For quarter sawn lumber on my band mill this is what I found:

1)	Logs under 20” live saw and then edge. It saves me some of the log and addresses the sap wood. This is slow….
2)	Logs over 20” I do like Wood shop says and quarter the log. The last two boards will usually be rift.
3)	Most of the time I cut to grade. This way you can look at the cant and decide what to do.

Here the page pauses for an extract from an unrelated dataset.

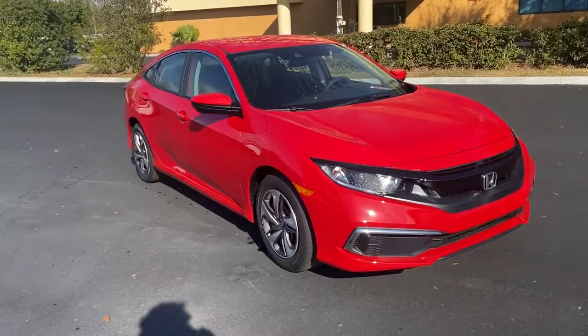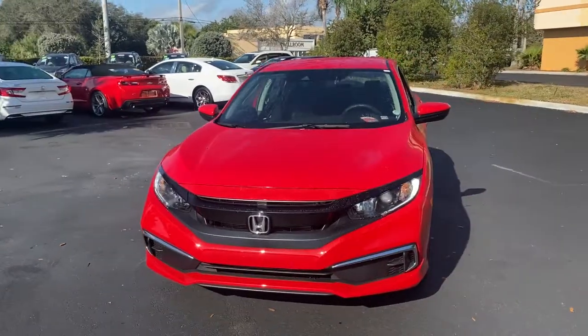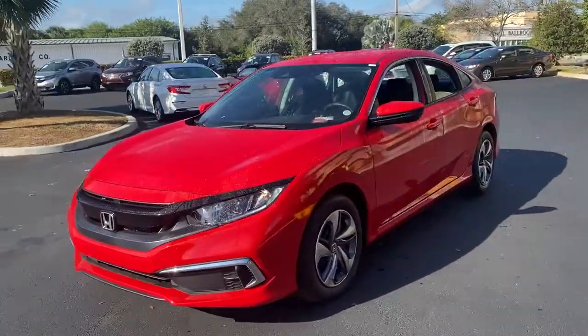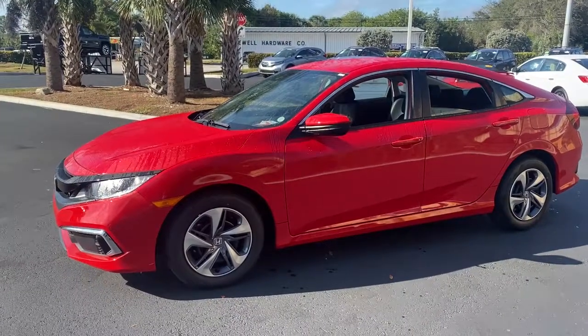You're gonna love the 2021 Honda Civic. This Civic Coupe sets the standard for comfort, convenience, and performance. You'll have a blast controlling the road in sleek, safe style.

There is no way to get around the log handling on the mill if you are quarter sawing. I recently witnessed heated discussion on rift mixed in with quarter that opened my eyes. Good luck.


----------



## johncinco (Nov 2, 2007)

see if I can attach a pic. Theres really no "easy" way to do it. Your turning and holding a log one way or another. The second one I think is the easiest, and ut still is considerd "quarter" at less than xx degrees of the rings.


----------



## woodshop (Nov 2, 2007)

Thanks for those pics of quartersawing... explains things much better. In the pic below, the quarter labeled Radial quarter sawing is true quartersawing, which obviously wastes the most of your log and would be a REAL pain in the butt to do, but hey, it you want every board pure quartersawn, thats the ticket. 

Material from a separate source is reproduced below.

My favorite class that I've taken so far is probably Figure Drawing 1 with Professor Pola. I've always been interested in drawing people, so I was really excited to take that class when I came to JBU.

I usually end up doing either what they call Triple quartersawing or Alternate quartersawing in the pic. Both of them involve turning the quarter back and forth, time consuming, but a lot easier than Radial quartersawing. If you are sawing on a set of horses, easier than the fourth way, what they are calling Common quartersawing in the pic. 

Keep in mind also that some species really don't look all that appealing quartersawn. Unless you are looking for more stability and less shrinkage, which quartersawn lumber gives, only certain species like oak, maple and sycamore really give you that beautiful distinctive ray fleck figure quartersawing can produce.


----------



## poleframer (Nov 2, 2007)

My situation has more to do with the size of the logs I come up with, most I just slab in the mill, some need trimmed to fit. I mentioned in another thread that I'm thinking of changing my carridge to 30" from 24".
On a 42" piece I had, I cut (freehanded) a 1/3 off, and halved the ramaining 2/3. Might need more than a 32" bar at some point!, but made me think about "thirding" a log with a setup like a haddon lumbermaker, slice to center,roll 1/3 and again. then stand on edge in the mill and slab like "common quartersawing" at the left of the diagram. 
I know it sounds odd, but for me a big part of milling is dealing with chunks of wood that I'm not professionally set up to handle (tho my little tractor helps).
Whaddya Think?


----------



## johncinco (Nov 6, 2007)

You can weld up, or even make out of wood a jig to hold those pieces once they are quartered at the angle you want to cut at. Then you just run the saw like your flat sawing, bam bam bam, you got lots of Q sawn wood. If you want to spin the log as you make cuts, your going to have a lot to put through the planer and its a lot of work. 

I use the 2nd method a lot. Set up the log, make 1 pass to cut a flat spot. Drop to the 1st 3rd through the log and make a pass. Set that cant aside. drop to the last 3rd and make a pass. Set that cant aside, which is the middle of the log. Drop down and cut the last part off to make the other flat side. Set that aside. Bring back cant #2 and cut out the center with 2 cuts. Now set all 4 cants back onto the mill, and cut all 4, quartersawing all, to the same thickness. A lot less moving pieces around and rolling a log round and round. Even with a tractor, that a lot of work setting up and moving wood around.


----------



## curdy (Nov 7, 2007)

These may also help some.


----------



## redprospector (Nov 7, 2007)

Good stuff guy's!
I just wish I had something around here that was worth quartersawing.

Andy


----------



## timhar (Nov 7, 2007)

curdy said:


> These may also help some,
> Attached Images qsawmethod1.pdf (359.8 KB, 33 views)
> qsawmethod2.pdf (319.1 KB, 9 views)
> qsawmethod3.pdf (498.7 KB, 9 views)


 
IMO, you should at least give Scott some acknowledgement for his work rather than just hi-jacking it.
http://www.scottbanbury.com/sawingmethods.html


----------



## curdy (Nov 8, 2007)

timhar said:


> IMO, you should at least give Scott some acknowledgement for his work rather than just hi-jacking it.
> http://www.scottbanbury.com/sawingmethods.html



Uh, you mean like his company name that's at the bottom of each page? Geez, IMO you should think a little before making such statements.


----------



## Husky137 (Nov 8, 2007)

Some people can't scroll to the bottom of the page.


----------